J’étais conscient de tenir un livre différent de mes autres livres, paradoxalement très proche de mon journal, très proche de moi, plus humain quelque part, car moins intello, moins abstrait, moins discursif et moins théorique. Même sa forme était classique. Je l’ai vu comme le début d’une nouvelle vie littéraire pour moi, comme un recommencement, une renaissance, c’est pour ça que je l’ai envoyé à quelques éditeurs que je ne connaissais pas, ou très peu, et qui ne m’avaient jamais lu, comme si c’était mon premier livre.
J’ai l’impression que c’est vraiment mon premier livre, le premier où je suis tout entier. Dans les autres, j’ai toujours joué un rôle, pris une posture, je me cachais.
— Mon père a toujours été un mystère pour moi, en plus d’avoir été un affabulateur et un exagérateur. Entre ses déclarations vraies et fausses, souvent sans que je les différencie, il y a des trous que j’ai dû combler, reboucher, pour donner de la cohérence à ce personnage que j’ai bien connu tout en ignorant presque tout de lui.
Par exemple, quand dans ses notes il déclare qu’il avait davantage d’argent que les autres appelés et donc beaucoup de copines, je suis obligé de tirer le fil, de voir où il me mène. Et là, un copain cycliste me déclare que son père lui aussi Sétois était le patron des bordels militaires de campagne, difficile d’imaginer que mon père ne le connaissait pas.
C’est donc un roman qui ne prétend à aucune véracité, ni historique, ni familiale. Tout est vrai et beaucoup de choses sont fausses, surtout les détails. Le fond, c’est ce que j’ai ressenti, ce que j’ai éprouvé, ce qui parfois m’a blessé. Je n’ai pas triché, mais c’est une vérité subjective. Si j’avais un frère ou une sœur, ils auraient raconté une autre histoire.
Ce n’est pas un livre historique sur l’Algérie, mais sur l’Algérie telle que mon père me l’a racontée, l’Algérie que lui a connue. Tout est vu à travers son prisme déformant.
Il ne s’agit pas d’un roman historique même s’il se déroule sur fond d’évènements réels. C’est un roman sur l’héritage, la transmission, la violence, l’amour et la peur, la vulnérabilité d’un enfant face à son père.

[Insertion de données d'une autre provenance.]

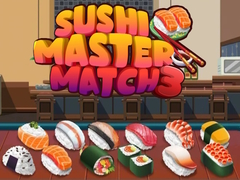 游戏Sushi Master - Match3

Seule la littérature pouvait m’aider à plonger dans la réalité fictive de mon père, pour peu à peu m’aider à le réinventer jusqu’à moins le craindre et trouver le courage d’ouvrir sa lettre.
— J’ai avant tout invoqué mes souvenirs. J’ai utilisé une vingtaine de feuillets écrits par mon père et que j’avais mis au propre pour lui en 2012, l’interrogeant à cette époque quand je notais des incohérences.
J’ai passé beaucoup de temps en Algérie via image satellite. J’ai regardé des photos d’époque, dont celles ramenées par mon père.
Bien sûr, j’ai lu quelques livres d’histoire, notamment ceux de Benjamin Stora, me concentrant sur les prémices de la guerre et les années 1956-1957 quand mon père était en Algérie. Mais je me suis interdit de devenir un expert de la période, j’ai tenté de me mettre en phase avec ce que les Français des années 1950 savaient sur l’Algérie.
J’ai construit une chronologie historique des évènements, pour essayer de comprendre l’état psychologique de mon père.
J’ai lu des témoignages d’autres soldats affectés aux mêmes endroits que lui. J’ai même trouvé une photo de lui sur un forum, prise par un autre soldat, mais dont il ne se souvenait pas.
Mais je n’ai pas fait d’enquête pour démêler le vrai du faux. Je n’ai pas interrogé les survivants. J’ai travaillé sur la légende familiale, j’ai écrit un roman inspiré de faits réels.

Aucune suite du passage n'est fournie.